How to Strain Shop – Resources to Optimise Your Marijuana Experience Leave a comment

Why are there so many marijuana names and quality ratings? Simple. Each strain has slightly different properties and is grown by different growers. That means the effects and quality vary from strain to strain. To date, it’s estimated that there are several thousands of strains on the market, with that number growing daily as growers experiment with more and more hydriding combinations.

With that said, how do you know what kind of cannabis strains and grades are best for you?

We’ve decided to help you figure that out. Here are a few tips and tricks to help you pick your marijuana.

Recall past experiences with certain strains and research new ones

The first step in cannabis selection is to remember the experiences you’ve had with past strains you might already know (for the purposes of this example let’s assume you’re an experienced smoker).

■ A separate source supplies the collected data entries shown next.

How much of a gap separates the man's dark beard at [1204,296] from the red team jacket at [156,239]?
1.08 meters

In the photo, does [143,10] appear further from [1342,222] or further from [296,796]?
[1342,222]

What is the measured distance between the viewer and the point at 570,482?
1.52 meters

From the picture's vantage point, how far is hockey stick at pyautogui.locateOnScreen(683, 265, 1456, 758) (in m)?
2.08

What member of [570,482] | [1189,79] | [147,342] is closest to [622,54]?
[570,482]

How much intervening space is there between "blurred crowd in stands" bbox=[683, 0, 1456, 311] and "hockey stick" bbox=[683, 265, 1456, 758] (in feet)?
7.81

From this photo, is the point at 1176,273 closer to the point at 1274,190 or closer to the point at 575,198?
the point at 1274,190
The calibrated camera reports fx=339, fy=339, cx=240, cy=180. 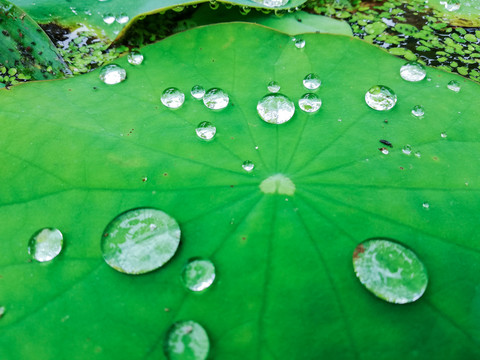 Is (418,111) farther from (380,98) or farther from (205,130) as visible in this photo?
(205,130)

For instance: “X strain caused X effect at this time of day/night and I felt good/bad about it.” That’s good data tobe able to identify what strains are good for you and which ones aren’t.

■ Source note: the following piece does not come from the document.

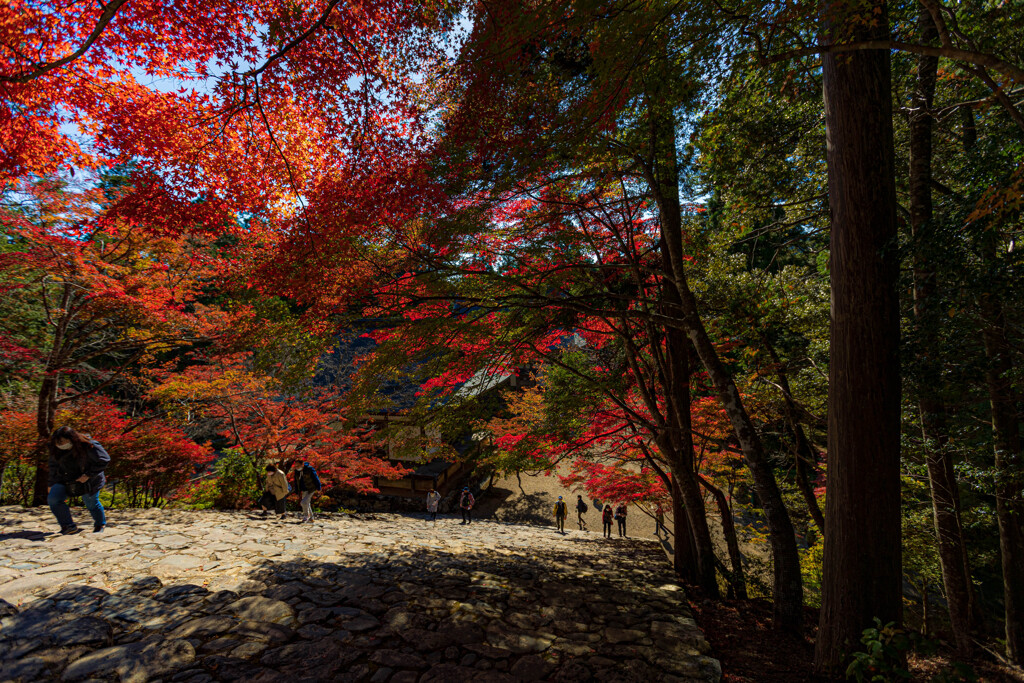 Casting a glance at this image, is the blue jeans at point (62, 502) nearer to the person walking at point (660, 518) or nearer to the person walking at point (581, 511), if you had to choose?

Research and sampling is the best way to build your knowledge base on cannabis. If you have limited experience and don’t know where to start, don’t worry. The next few tips will help regardless of your level of cannabis experience.

Strain – Sativa vs Indica

Technically, all stains on the market are sativas – yes, even indicas. Cannabis Sativa is the species name, and Indica is a subspecies of the parent Sativa species, which means all strains of cannabis on the market are all the same Sativa species. Think of cannabis like humans. We’re all the same species, and the only difference is adaptations to suit different environments. Cannabis works the same way. Over each generation, adapting itself to conditions and diversifying, but it still stays cannabis.

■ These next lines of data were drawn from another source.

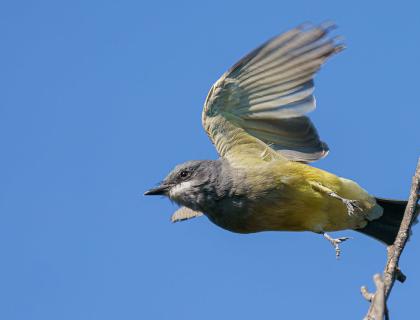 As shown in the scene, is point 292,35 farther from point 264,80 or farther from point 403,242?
point 403,242

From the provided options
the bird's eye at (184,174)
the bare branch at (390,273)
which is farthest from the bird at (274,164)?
the bare branch at (390,273)

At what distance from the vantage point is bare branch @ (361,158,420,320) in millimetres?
3345

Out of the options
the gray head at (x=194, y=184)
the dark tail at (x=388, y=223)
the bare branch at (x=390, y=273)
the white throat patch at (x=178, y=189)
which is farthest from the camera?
the dark tail at (x=388, y=223)

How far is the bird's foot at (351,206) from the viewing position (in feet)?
23.5

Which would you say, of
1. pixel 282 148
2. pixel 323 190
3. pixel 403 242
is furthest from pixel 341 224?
pixel 403 242

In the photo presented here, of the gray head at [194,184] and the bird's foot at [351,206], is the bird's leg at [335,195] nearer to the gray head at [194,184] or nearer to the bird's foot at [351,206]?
the bird's foot at [351,206]

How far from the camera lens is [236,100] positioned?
7715 mm

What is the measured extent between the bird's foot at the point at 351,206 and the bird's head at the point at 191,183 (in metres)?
1.25

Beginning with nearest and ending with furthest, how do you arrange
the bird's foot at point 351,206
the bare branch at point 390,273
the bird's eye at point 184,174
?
the bare branch at point 390,273 → the bird's foot at point 351,206 → the bird's eye at point 184,174

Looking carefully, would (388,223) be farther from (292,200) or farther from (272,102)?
(272,102)

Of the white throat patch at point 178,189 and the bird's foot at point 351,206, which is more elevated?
the white throat patch at point 178,189

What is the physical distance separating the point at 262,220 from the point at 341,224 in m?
0.93

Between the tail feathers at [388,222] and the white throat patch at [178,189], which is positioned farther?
the tail feathers at [388,222]

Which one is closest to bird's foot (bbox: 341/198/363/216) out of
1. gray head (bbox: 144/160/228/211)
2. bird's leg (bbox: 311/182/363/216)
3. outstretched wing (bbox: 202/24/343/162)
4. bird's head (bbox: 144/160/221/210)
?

If we follow the accepted street terms of strain names – which will be more practical for research – sativas tend to be more associated with strong head highs, while indicas tend to be more of a sedating high. It’s hard to say if this is really the case or not however. Brains are all different, and so are strains of marijuanna. Even when passing a joint, most of us can easily tell we’re all reacting differently smoking the exact same joint. Best course of action here is to see how you’re feeling and if that’s what you wanted out of smoking at that moment. The effects listed online or in dispensaries are good guidelines as to what most people can expect, but nothing applies to everyone. Consider the information, then go with your flow.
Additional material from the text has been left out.